Aim of the exercise:
Of the records that follow, copy only the lines from the line containing "Midsection of mid" to the line containing "Active young cheerful", both included, exactly as written.

══ Dataset extract ══

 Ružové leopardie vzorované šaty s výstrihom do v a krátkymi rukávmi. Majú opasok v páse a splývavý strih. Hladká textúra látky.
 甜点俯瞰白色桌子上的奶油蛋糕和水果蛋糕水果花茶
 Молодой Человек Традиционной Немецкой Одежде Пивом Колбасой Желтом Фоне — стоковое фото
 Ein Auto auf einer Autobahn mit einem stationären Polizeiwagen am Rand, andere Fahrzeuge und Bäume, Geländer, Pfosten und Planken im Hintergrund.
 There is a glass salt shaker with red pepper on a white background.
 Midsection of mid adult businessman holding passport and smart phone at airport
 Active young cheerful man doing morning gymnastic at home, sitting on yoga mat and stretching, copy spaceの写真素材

═══
══ Dataset extract ══

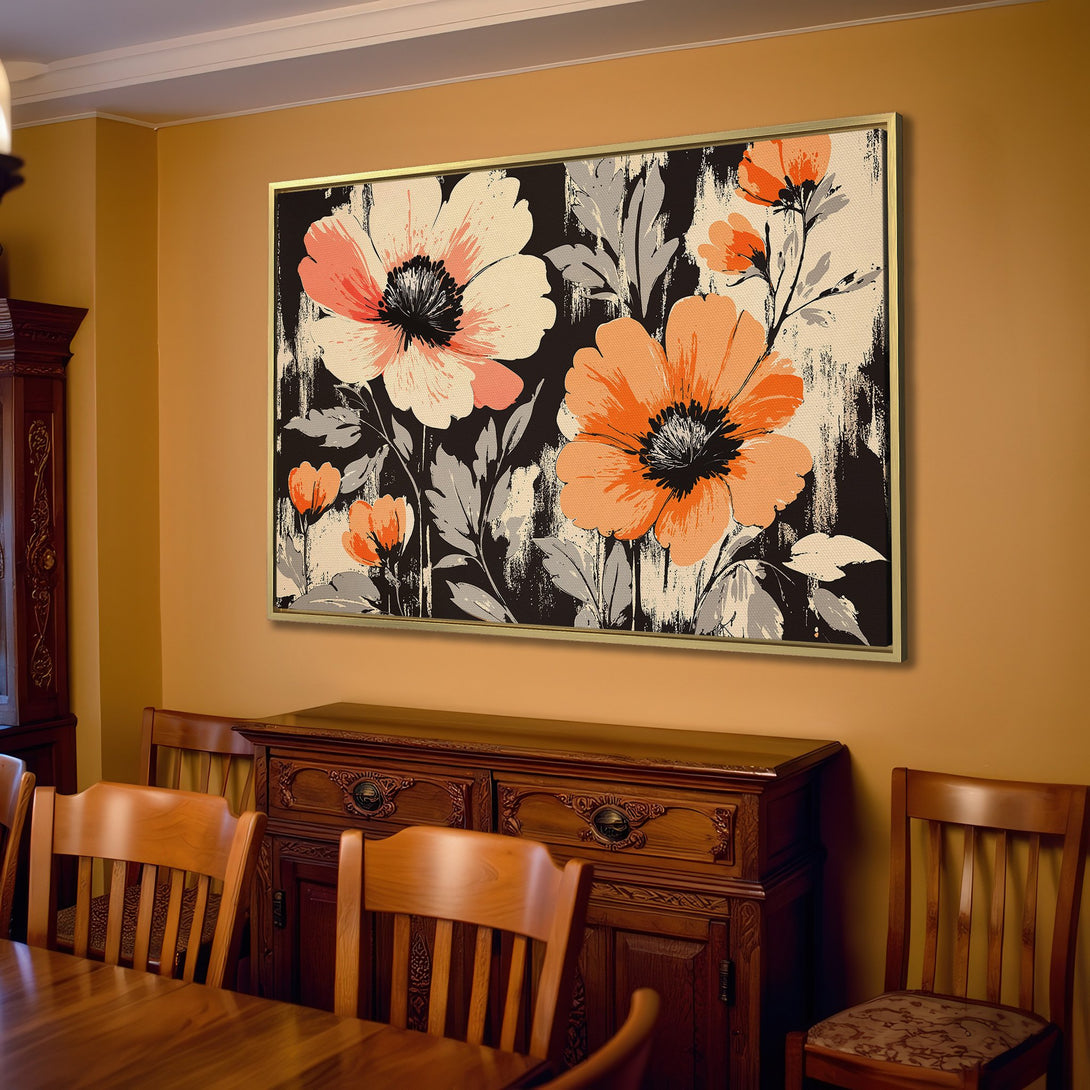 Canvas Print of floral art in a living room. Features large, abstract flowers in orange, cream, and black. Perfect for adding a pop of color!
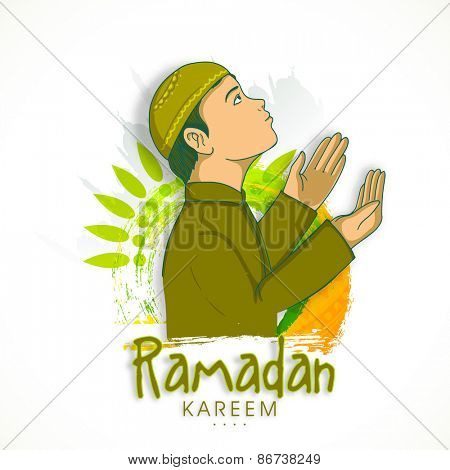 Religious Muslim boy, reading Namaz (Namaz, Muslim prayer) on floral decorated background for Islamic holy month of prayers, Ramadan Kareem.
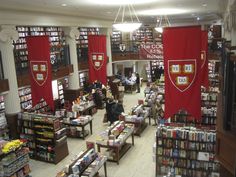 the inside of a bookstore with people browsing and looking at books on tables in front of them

═══

Output below:
 Midsection of mid adult businessman holding passport and smart phone at airport
 Active young cheerful man doing morning gymnastic at home, sitting on yoga mat and stretching, copy spaceの写真素材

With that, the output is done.